Appeals to natural revelation, and thus the assumption of a natural theology, are rife throughout the didactic work of our Lord Jesus Christ. Natural theology, you’ll remember, is the “what,” whilst natural theology refers to our exploration and knowledge of the “what.” If natural revelation is known to any extent, there is a natural theology.
In His parables and teaching illustrations, Jesus regularly appeals to nature. Whether it be human ethics (Matt. 18:28-35), economics (Lk. 12:41-48), ornithology (Lk. 12:24), geology (Lk. 6:8), or botany (Matt. 6:28, 30), Jesus is not afraid to use His creation for the purposes of teaching His audience. Since this is the example of our Lord, we also shouldn’t shrink from doing the same. Keep in mind that Jesus makes these types of appeals to both believer and unbeliever, to His disciples and to the magnitude or crowd.
A (Low) Key Text
In Luke 12:1-12, Jesus addresses the crowd. He admonishes them, “Beware of the leaven of the Pharisees, which is hypocrisy.” Obviously, Jesus assumes these people can basically apprehend what He is saying to them. This is an “innumerable multitude,” the lion’s share of whom ultimately turn their backs on Him, even lobbying for His death. It appears they were not regenerate people. And even if they were regenerated at some later point, at this current time-stamp in the gospel narrative, readers should not get the sense Jesus understands this multitude to be indwelt by the Spirit in any measure—Pentecost debates aside.
In vv. 6-7, He appeals to two different concepts: human dignity and basic economics—both of which I would argue fall under natural law. Moreover, Jesus makes the assumption His audience has a basic grasp on these two things, and this is abundantly clear when we examine His use of rhetorical inquiry, “Are not five sparrows sold for two copper coins?” The question is Socratic in method, and the price of the sparrows is proportional to the value of the sparrows’ lives. Rhetorical questions such as these are intended to play upon facts already known and assumed by the interlocutor. This is why Socratic questioning is so effective. It forces the other person to answer a question to which they already know the answer. Jesus’ audience, if they would have been allowed to verbalize a collective answer, would have said, “Of course!” And perhaps some did. In which case Jesus’ answer was, “And not one of them is forgotten before God.” Sparrows are cheap. But God’s knowledge is so great, nothing escapes its view.
In v. 7, Jesus says, “But the very hairs of your head are all numbered. Do not fear therefore; you are of more value than many sparrows.” Why is it that Jesus could utilize the assumption of His audience, that there is gradation in life-values, from lower order lifeforms to higher? Why is it assumed that life has value at all? Why should God knowing the number of hairs on these people’s heads be a desirable thing? Why should they care if they are valuable in God’s eyes or not. The only explanation is natural theology. These people know, through natural revelation, that God exists, that He explains their existence, that because of this they are valuable, and that God cares for them. There is a natural benevolence God has for all creatures, and this is seen in His providence—when animals and people alike are provided for. They are valuable in God’s eyes. However, Jesus is about to reveal God’s primal benevolence in Himself when He says, “Also I say to you, whoever confesses Me before men, him the Son of Man also will confess before the angels of God. But he who denies Me before men will be denied before the angels of God (Lk. 12:8-9).”

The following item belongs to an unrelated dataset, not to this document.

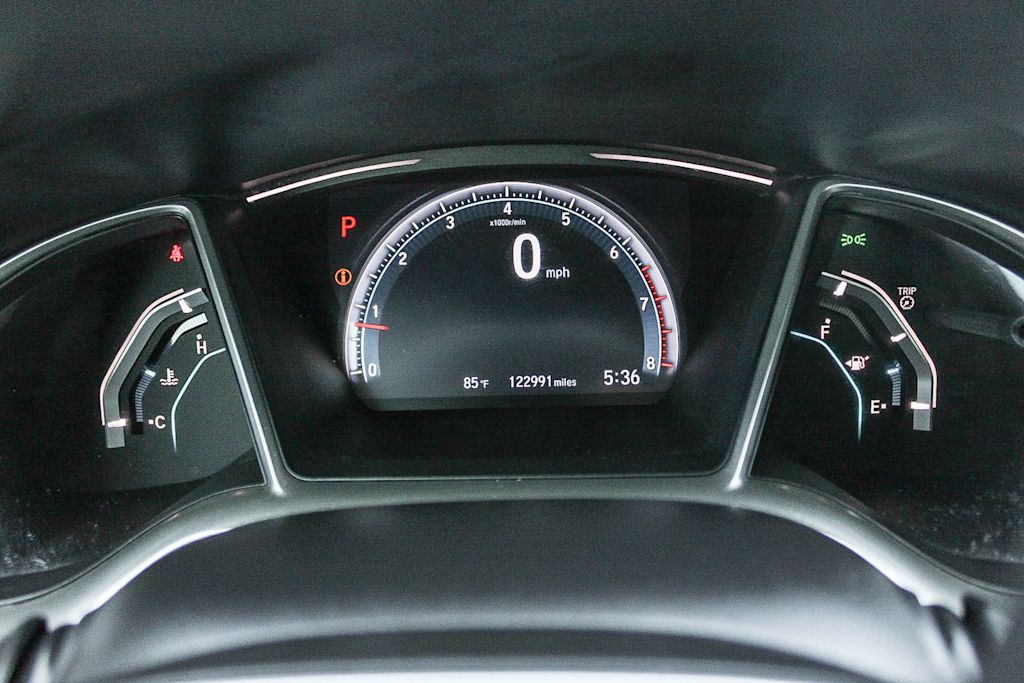 Thumbnail: 2016 Honda Civic - 15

Jesus further adds, “And anyone who speaks a word against the Son of Man, it will be forgiven him; but to him who blasphemes against the Holy Spirit, it will not be forgiven (v. 10).” He is here preparing His audience for the administration of Word and Spirit that would soon tear through that area from the mouths of the apostles, post-Pentecost. Jesus has essentially moved from natural principles, to the gospel, and to the penalty for refusing the gospel. In vv. 11-12, He addresses those who will believe the gospel with the practical application of the theology He taught from nature, i.e. the Father’s benevolence toward those whom He loves, “Now when they bring you to the synagogues and magistrates and authorities, do not worry about how or what you should answer, or what you should say. For the Holy Spirit will teach you in that very hour what you ought to say.”

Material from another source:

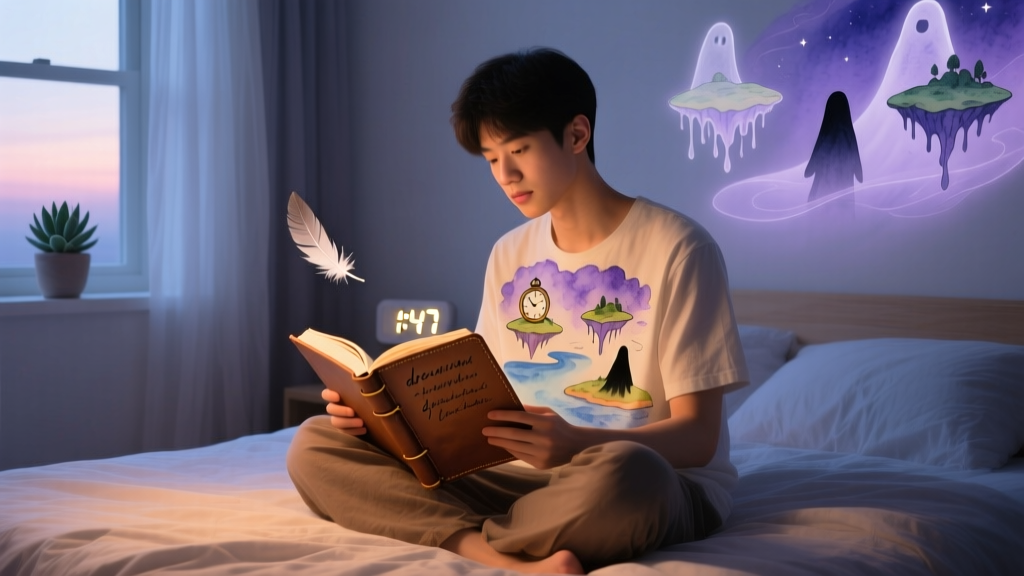 Dream Progression Analysis: Dream Journaling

Apart from natural theology, the assumptions Jesus makes throughout Luke 12:1-12 would be unintelligible to His very own audience. If they could not know that which God has revealed through creation, be it Himself or His law, the first half of the passage wouldn’t make sense, and the second half, consisting of supernatural theology, would be unintelligible. This is just one example where our great Teacher utilizes various aspects of His Father’s world to prepare His hearers for that which He Himself reveals in addition to nature, that is, the beatitude one enjoys in and because of Him alone. Apart from a natural knowledge of God and His will, Jesus’ words would have simply fallen on deaf ears. But nowhere does Jesus make the assumption His audience is ignorant of what He speaks, and He everywhere makes the assumption that they can.